Just Some Tape on the Floor

This past Wednesday in the Montessori classroom, it was time to make the jumping square.

The jumping square actually holds up rather well through lots of jumping (and mopping), but I peel it away from time to time because then we can add it back.

Kids need to move, and I’m certainly not going to stop them from doing it. Occasionally, someone needs to jump energetically, moreso than the rest of the classroom is equipped to handle, and that’s where the square comes in. Need to jump? Here’s the spot. It’s contained, it’s a distance away so having it as a destination adds some purposeful movement even before the jumping. It may draw another child to join and games may emerge. It takes the least complicated thing and makes it into something more.

If no square at that moment, I invite the child to help me build it. My tone of voice and style of movement convey that something a little bit mysterious is about to happen. I’ve never had anyone turn me down.
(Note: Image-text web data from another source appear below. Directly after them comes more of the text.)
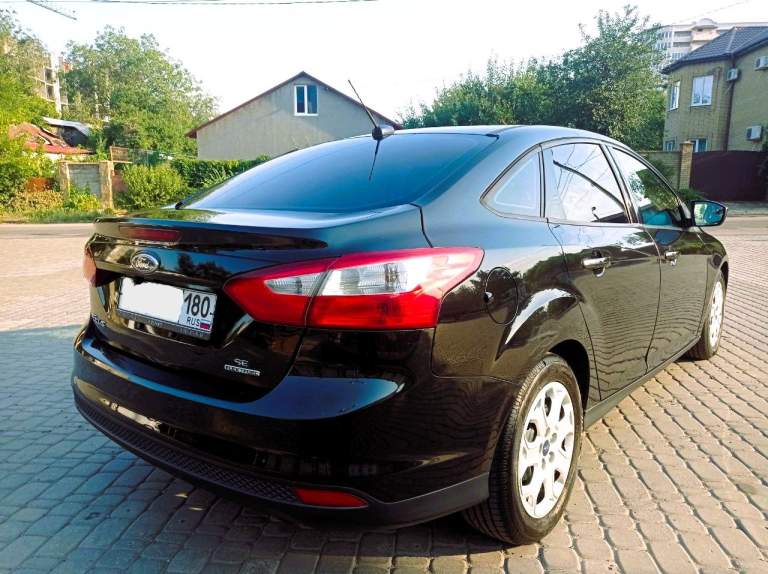 Автомобиль в донецке (днр).
Ford focus iii, 2012, объём 2,0л, бензин, акп, пробег 204000.
Только в хорошие руки, в пользовании 7 лет. Всегда обслуживалась с любовью у профессионального мастера с золотыми руками. По происхождению американка, не была подвержена ударам, в родном окрасе, без ржавчины, есть небольшие царапины на заднем правом крыле, видны на фото, поцарапали на парковке. На быстрый, лёгкий, динамичный ход не влияет.
Полностью обслужена, за период пользования ни разу не доливала масло, двигатель в идеальном состоянии.
Была произведена замена:
Топливная станция (2020г. );
Сцепление (175.000км);
Рулевая рейка (200 000).
Коробка идеальна, замена масла каждые 50 тысяч. Имеется подтверждающая документация.
Передние фары заменены в 2023г. (имеются оригинальные - отдам в подарок, исправны, под шлифовку). Оптика хорошая, на дальний свет установлены led.
В 2024 году установлена новая магнитола (android), камера заднего вида. Круиз контроль. Чистый светлый салон. Передние сиденья в vip чехлах. Свежие коврики. Просторный багажник.
Цена 1 000 000 руб. Цену считаю объективной.
Быстрым будут подарки (зимняя резина, новые колодки, топливная станция б/у в рабочем состоянии, может ещё что-то вспомню).
Причина продажи - купила машину повыше.
+7-918-572-90-27 (Тлг) - фотография - 11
We get the tape, take a seat on the floor, and I peel the first piece. I place the corner on the floor and the child helps me to smooth it down. By this time, a crowd may have formed and other children can take a turn. Eventually, finally, jumping can commence.

For the next several weeks, it might be a place to return to. It might call to other kids in other classes (everyone needs to jump from time to time). Eventually, it kind of fades into the woodwork, and when nobody has jumped for a while, I peel it up. And then eventually again, someone could use a jump, and we repeat.

Here’s the point: it would be easier to have the square there all the time. But by letting it come and go and inviting children to be a part of recreating it, I’m building a little bit of reverence around this simple thing.

We can do a lot of things either quickly or specially: cutting strawberries, laying out pairs of socks, sweeping the step. What moments in your family’s regular life invite this kind of pageantry?